In the end, this is a psychological drama, and the central threat is Callie's vacillation and fear of risk. This makes an ultimately happy ending -- well, at least a bittersweet ending -- possible.

The script has movement and wit, but it seems to me a more telling indication of Diana Son's talent as a playwright that two of the play's best scenes are emblematic, more visual than verbal. In the first, Sara inveigles Callie into the fold-out living-room bed with her, in the hope that this will entice a wary Caesar to join them. The two women lie apart, chaste as preteens at a slumber party, and watch their own toes wiggling at the end of the bed, each of them struggling with feelings she hasn't yet admitted to herself. Later, in an act of touching and concentrated tenderness, Callie helps the silent, wheelchair-bound Sara to dress herself.
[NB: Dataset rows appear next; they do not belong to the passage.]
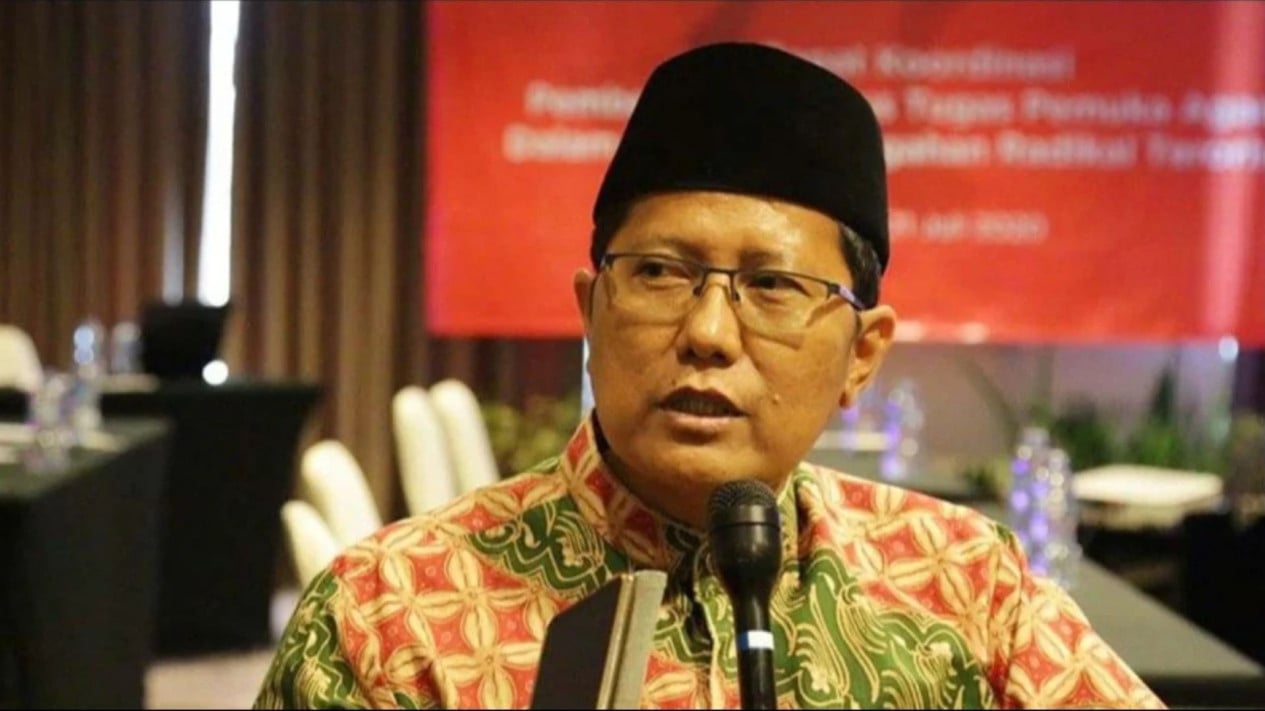Dianggap Kemenag Sibuk, MUI Usul ke Prabowo agar Bentuk Kementerian Khusus Haji
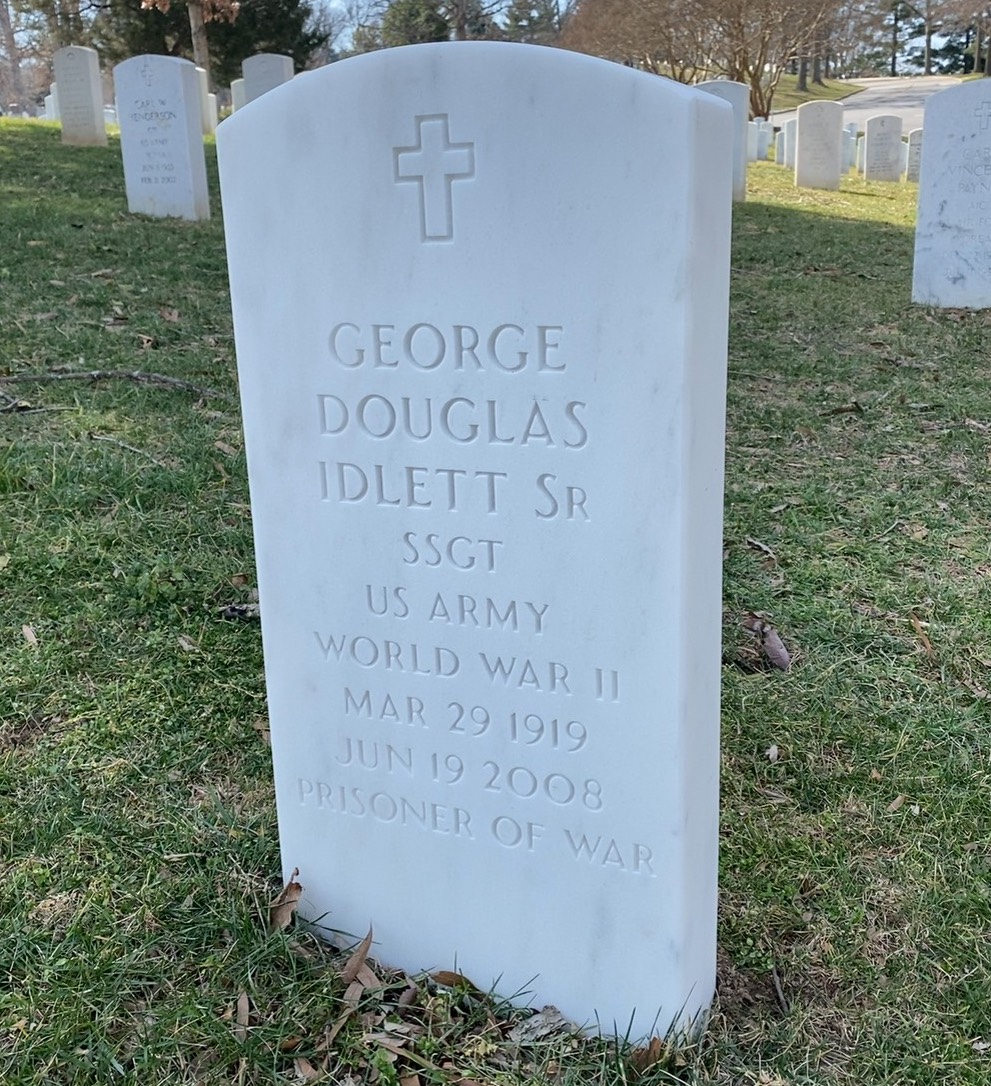 George Idlett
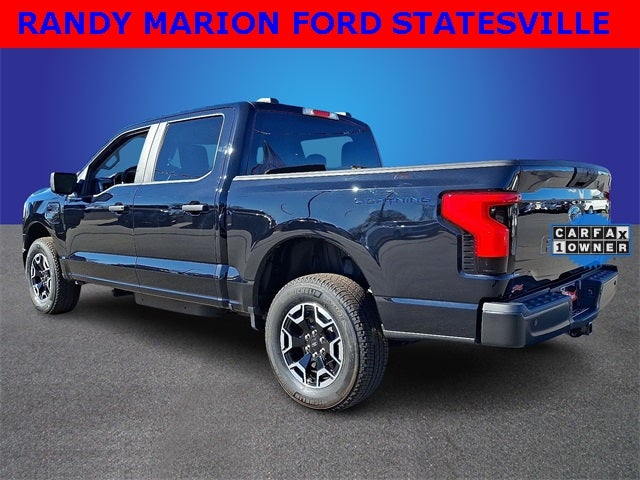 2023 Ford F-150 Lightning Pro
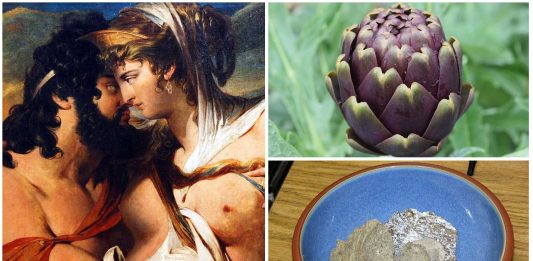 4 Afrodisíacos extraños de la historia. ¿Crees que podrían funcionar?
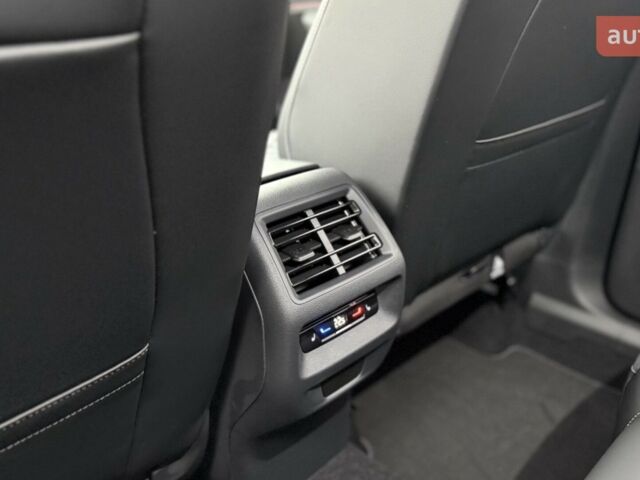 Фольксваген Тигуан, объемом двигателя 1.97 л и пробегом 0 тыс. км за 50837 $, фото 15 на Automoto.ua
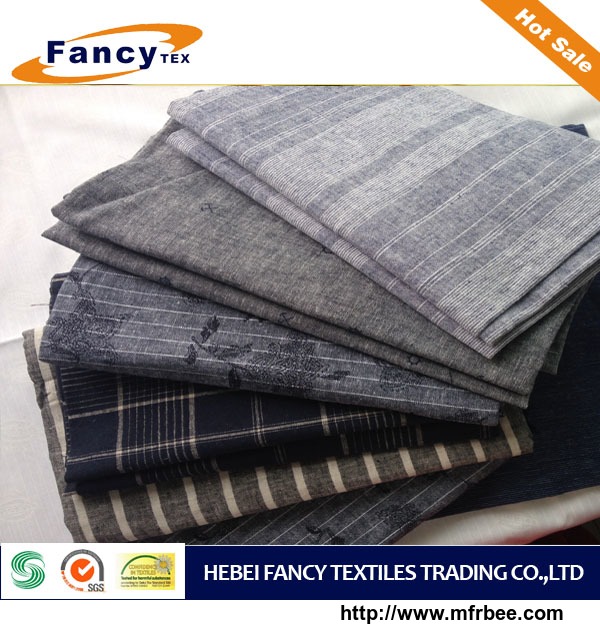 linen_cotton_yarn_dyed_fabric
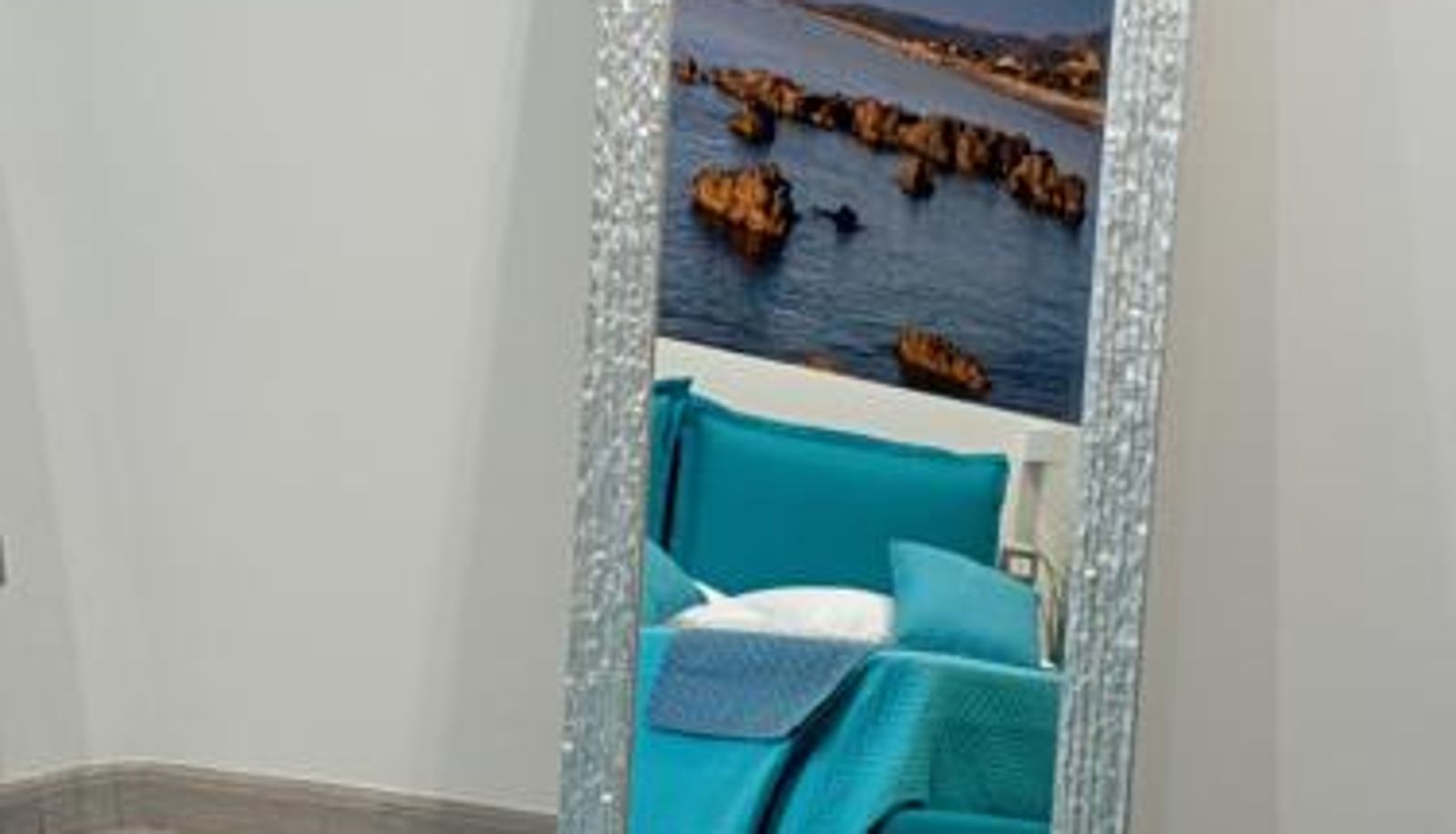 Zimmer - B&B Civico 64 Scalea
Blair comes across sophisticated and smart, and also almost puppyishly vulnerable. Kelley is a warmly appealing Sara. You can't help caring about both of them. Billie McBride has directed with a sure hand. Terry Ann Watts does a good job playing against type as the impassive cop; Patty Mintz Figel is strong as a neighbor who's a nurse and witnessed the assault; Scott McLean is a humorously supportive and self-effacing George. What this production proves is that you don't need dazzling production values for a satisfying evening of theater -- just an interesting script, a resonant theme and talented actors.